For 900 Mhz, Trai decided that “the value of 900 MHz spectrum in each LSA should be the lower of the two figures – average valuation of 900 MHz or twice the value of 1800 MHz spectrum”.
In a bid to increase the pace of investments in telecom in the North Eastern states, Trai recommended that the reserve price for North East LSA may be fixed at a discount of 50 per cent on the recommended reserve price.
Speaking to reporters, Trai Chairman Rahul Khullar said: “This is not a normal auction. Considering the available airwaves, the prices can go through the roof like the situation in May 2010.”
He said the upcoming auction is critical for TSPs whose licences are will expire in 2015-16. In 900 MHz band, only the spectrum held by them is available for the auction.
These licensees will have to win back this spectrum to ensure business continuity or else their investment could be impacted, he added.
Trai in its recommendations said in a situation of short supply, market prices will rise, which can lead to frenzied bidding if more players enter the fray.
A similar escalation of prices was witnessed in the May 2010 auction when 3G spectrum was auctioned. The short supply of 3G spectrum led to a massive increase over the reserve price, it added.
Khullar said the other problem is that incumbent TSPs would be willing to pay huge sums to retain their spectrum so as to protect investments and ensure continuity of business.
“And, all industrial rivals know this, which is why even a non-serious bidder is potentially in a position to push up the final auction price,” he added.
Such a situation will lead to either the operator wins back the 900 MHz spectrum but at a very high price thereby seriously limiting its ability to invest or the incumbent looses the spectrum, which will lead to discontinuation of service and huge loss in terms investment made in that LSA.
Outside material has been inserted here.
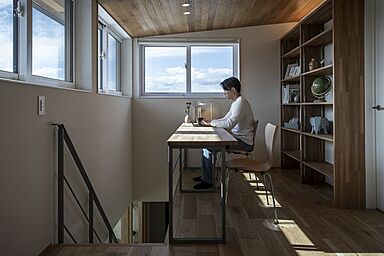 グラントモノ建築設計事務所 【軽井沢スタジオ】の施工事例「風景に添える家」の画像6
“Once services are discontinued and a new entrant comes into the LSA, they will need time to roll-out services. This will obviously pose problems for consumers.
“Moreover, if existing consumers port out under Mobile Number Portability (MNP) to another TSP in the same LSA, then, in effect, the auction would have led to a consolidation of market power (dominance) of that TSP. (Leave aside the fact that it effectively deprives consumers of choice of service provider),” Trai said.
The authority recommended that there is an obvious and compelling need to make available additional spectrum for the conduct of a fair and equitable auction.
Apart from 900 and 1800 MHz bands, new technologies can also be deployed in other bands. For instance, there is deployment of LTE in the 700 MHz bands and 3G in 2100 MHz band in a number of countries.
“Trai has emphasised that there is a need to make available additional spectrum before conducting the auction,” Khullar said.
The upcoming auction should be scheduled after the issues related to supply constraints are resolved. Auctions in the 800 Mhz, 900 Mhz, 1800 Mhz and 2100 Mhz band should also be conducted simultaneously, he added.